(Exercise goal):
Only the lines from the one containing "Game Day Colors" to the end of the data should be copied, exactly and without pictures.

Collected data

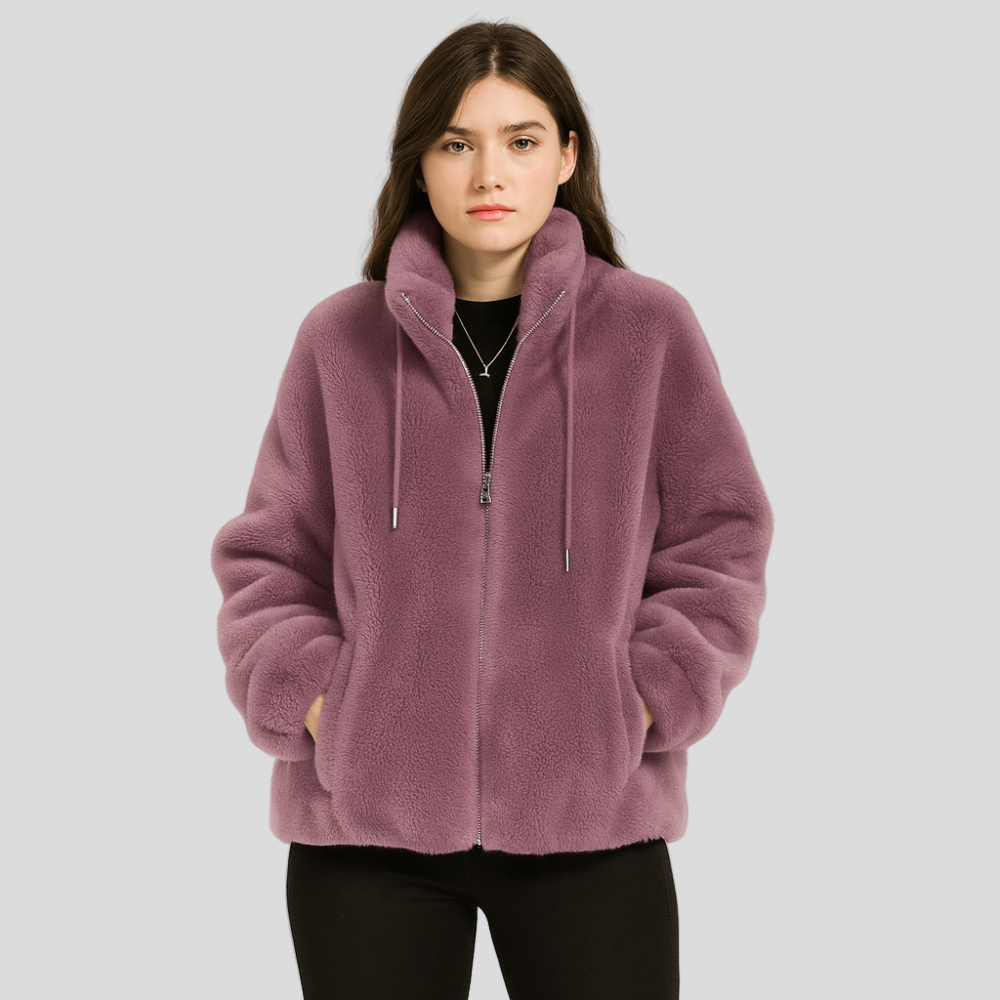 Kortney | Veste en fausse fourrure rouge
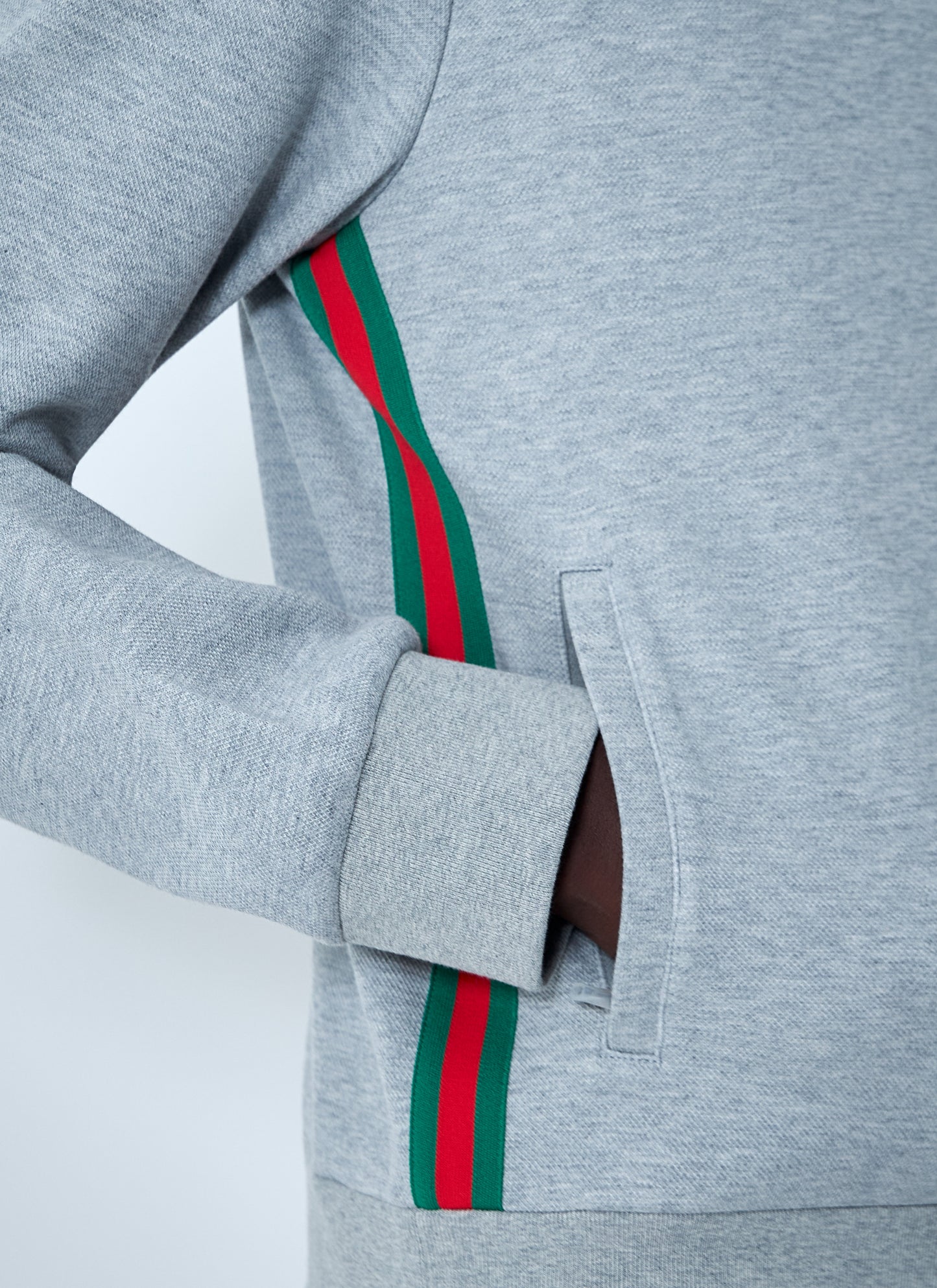 Gucci Men Web Motif Zip-Up Sweatshirt GUCCI
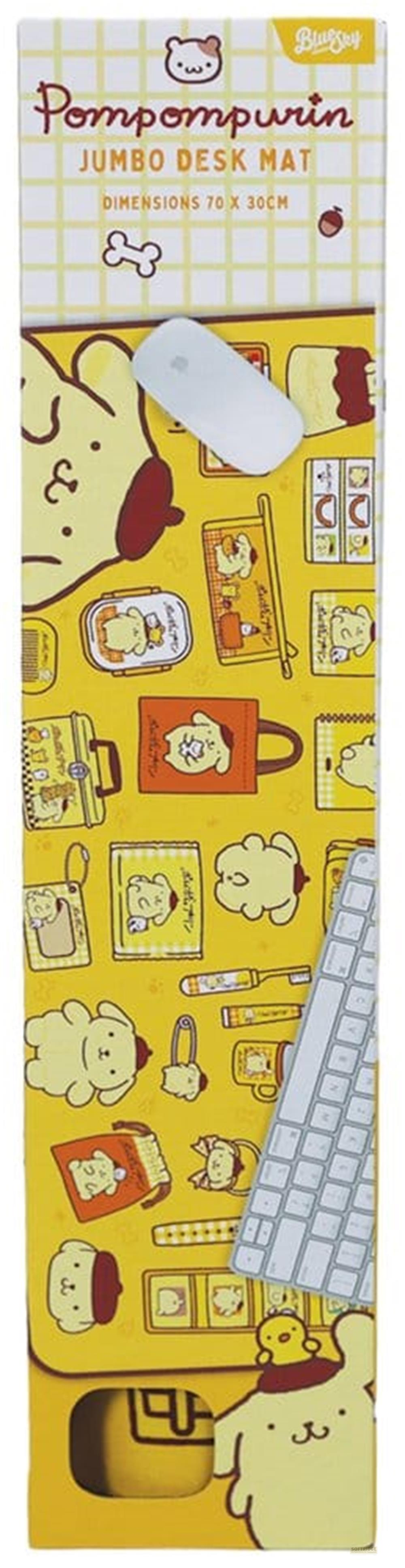 Gelbe Pompompurin-Schreibtischunterlage mit vielen kleinen Bildern von Pompompurin und Zubehör.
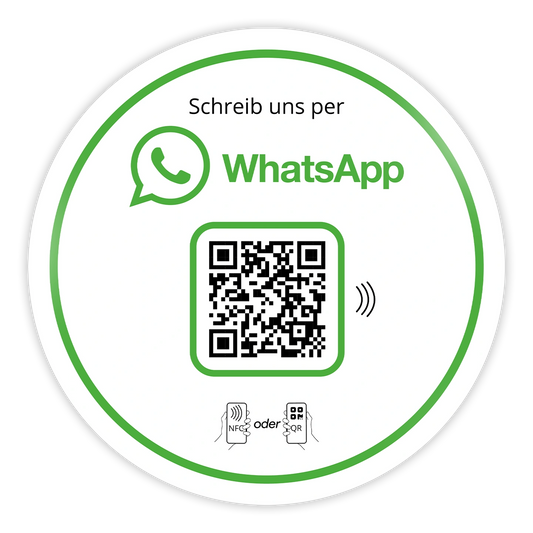 WhatsApp Direct Connect Aufkleber 10cm – NFC/QR-Code für sofortigen Kundenkontakt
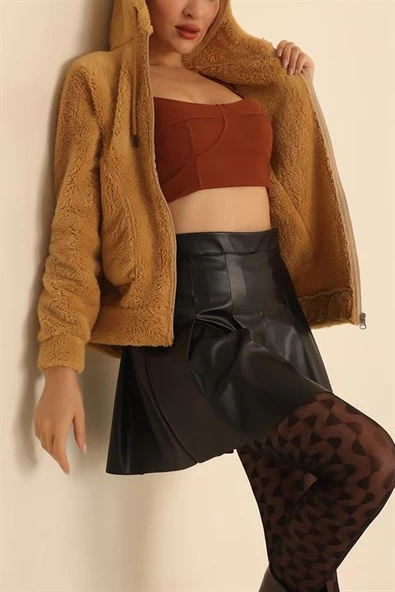 VioShine Kadın Kapüşonlu Peluş Cepli Welsof Hırka Fermuarlı Ceketi - 7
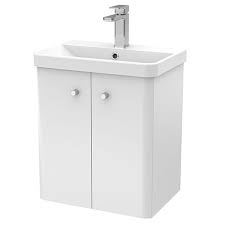 Wall hung bathroom vanities on sale. Cruze 500mm Curved Gloss White Wall Hung Vanity Unit Victorian Plumbing Uk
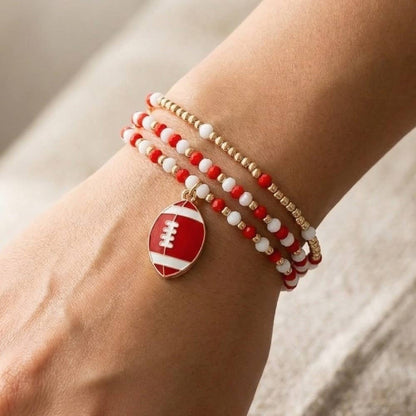 Game Day Colors Enamel Football Beaded Bracelet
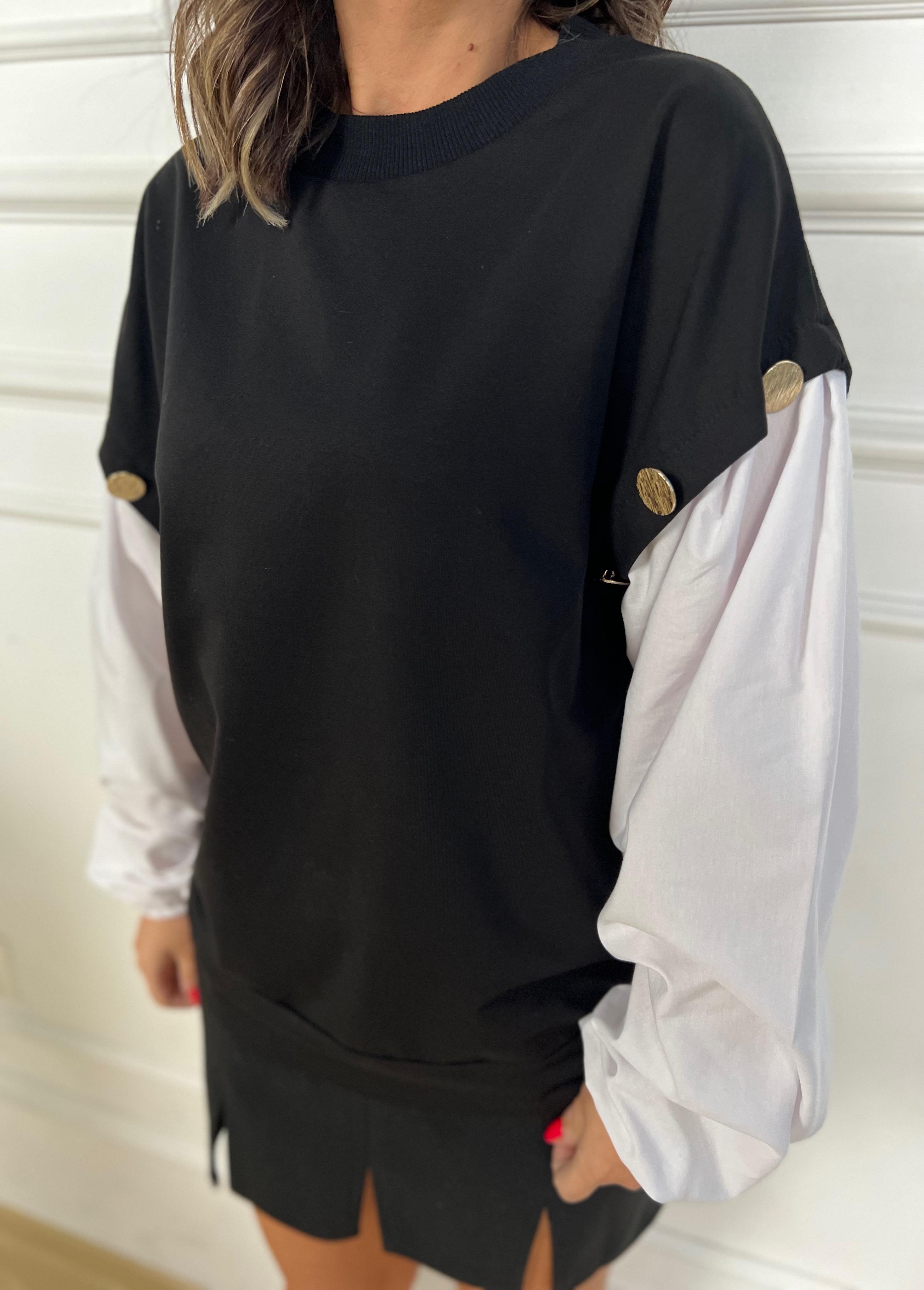 Siyah Bluz Detaylı Sweat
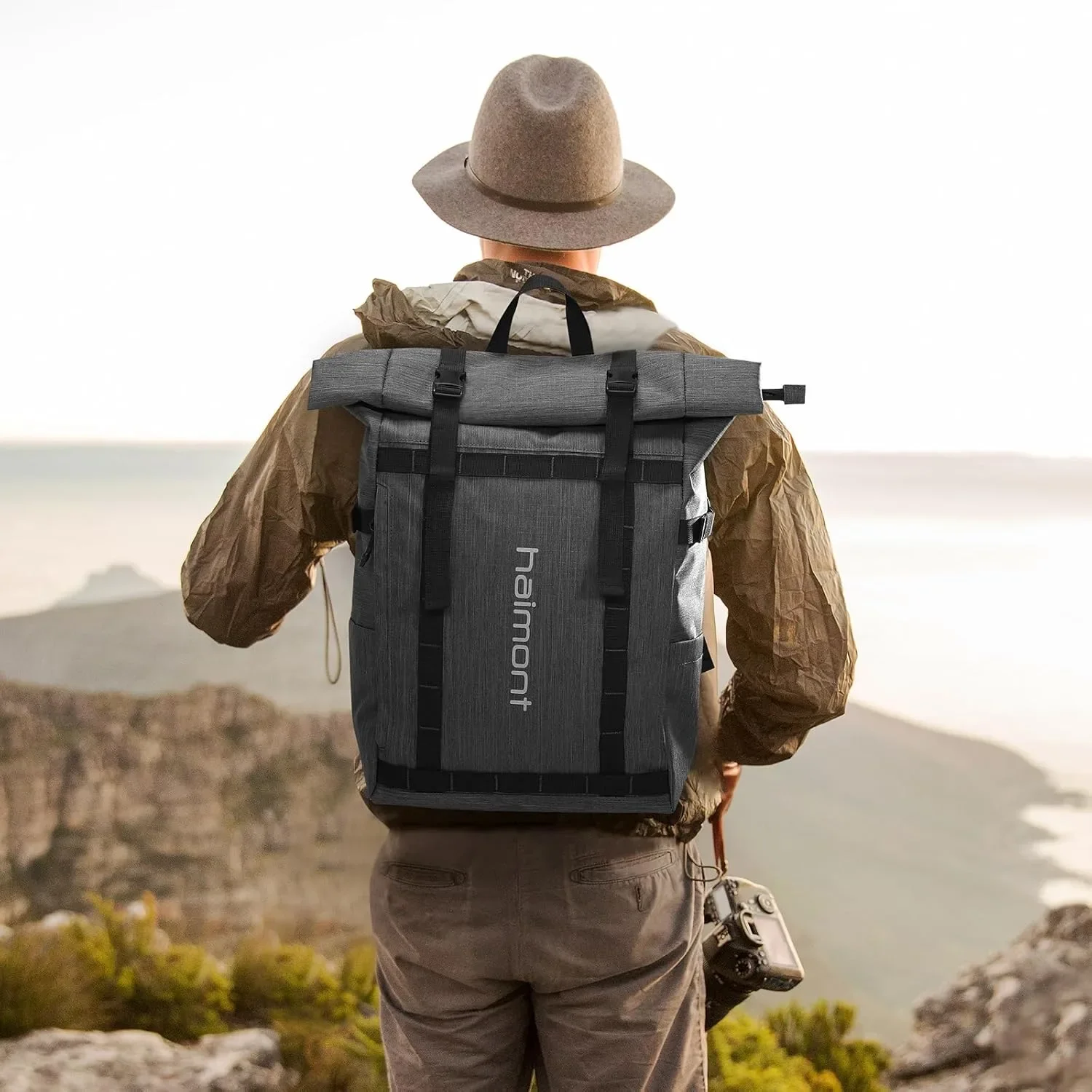 Раница Haimont Rolltop 20–30L, водоустойчива, с отделение за лаптоп, туристическа/ежедневна — снимка 7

(Written answer):
 Game Day Colors Enamel Football Beaded Bracelet
 Siyah Bluz Detaylı Sweat
 Раница Haimont Rolltop 20–30L, водоустойчива, с отделение за лаптоп, туристическа/ежедневна — снимка 7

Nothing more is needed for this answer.